Um die Ausrüstung ist es schlecht bestellt

Medien in Kabul
Bild: AP

Die Redaktionsräume der Nachrichtenagentur könnten kahler kaum sein: mit Ausnahme von ein paar schrottreifen Möbeln und einigen altersschwachen Schreibmaschinen fehlt den Autoren und Redakteuren jedwede Ausstattung. Das ist ein sehr viel brennenderes Problem als die Unabhängigkeit einer noch gar nicht wieder existierenden Presselandschaft in Afghanistan.

Für die ausführlichen Rundfunknachrichten, die morgens und abends in den beiden Landessprachen Dari und Paschtu verlesen werden, reichen Personal- und technische Ausstattung bei Bachtar dagegen aus. Das Radio ist für die meisten Afghanen die wichtigste Informationsquelle. Allerdings hat Radio Kabul im Äther mit starker Konkurrenz zu kämpfen. Die Sprachendienste von Deutscher Welle, BBC und Voice of America gelten den Hörern am Hindukush als besser informiert und unabhängiger.
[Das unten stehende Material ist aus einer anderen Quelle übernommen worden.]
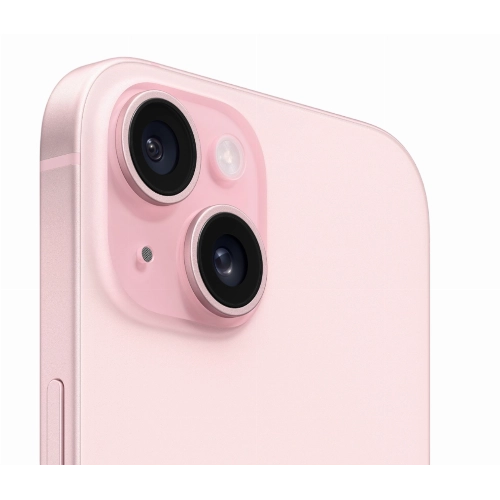 Смартфон Apple iPhone 15 128 ГБ, Dual nano SIM, розовый (б/у)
Das Fernsehen sorgt für Begeisterung

Die Bevölkerung ist indes sehr von der Wiederbelebung des Fernsehprogramms angetan, das in den Jahren der Taliban-Herrschaft eingestellt werden musste. In einem museumsreifen Studio produziert eine unerschütterliche Crew täglich dreieinhalb Stunden Abendprogramm, das für westliche Standards recht altertümlich wirkt, von den Zuschauern aber lebhaft angenommen wird.

Wie ist es im Fernsehen um die journalistische Unabhängigkeit bestellt? Wir entscheiden selbst, was wir senden, behauptet der Fernsehdirektor Mohamad Esidiar. Niemand kann uns daran hindern, unsere Reporter auf die Straße zu schicken und die Leute dort nach ihrer Meinung zu fragen, auch zu brisanten Themen. Niemand schreibt mir vor, was ins Programm kommt.

Der Weg zur Unabhängigkeit ist steinig

In den wenigen Tagen, die das Fernsehen jetzt sendet, wurde ein Dokumentationsfilm über Ahmed Schah Masud, den ermordeten Führer der Nordallianz allerdings schon mehrfach wiederholt. Kaum vorstellbar, dass das wirklich eine rein redaktionelle Entscheidung war. Und da sollen ausgerechnet die so wichtigen Fernsehnachrichten völlig frei und unabhängig enstehen?

"Nein", gibt Mohamad Esidiar schließlich zu. "Natürlich nimmt die Regierung Einfluß auf die politischen Nachrichten im Programm. Wenn sie will, dass bestimmte Meldungen gesendet werden, kann ich nichts dagegen tun."

Es ist eben noch ein langer Weg, bis in Afghanistan die Pressefreiheit wirklich eine Chance bekommt.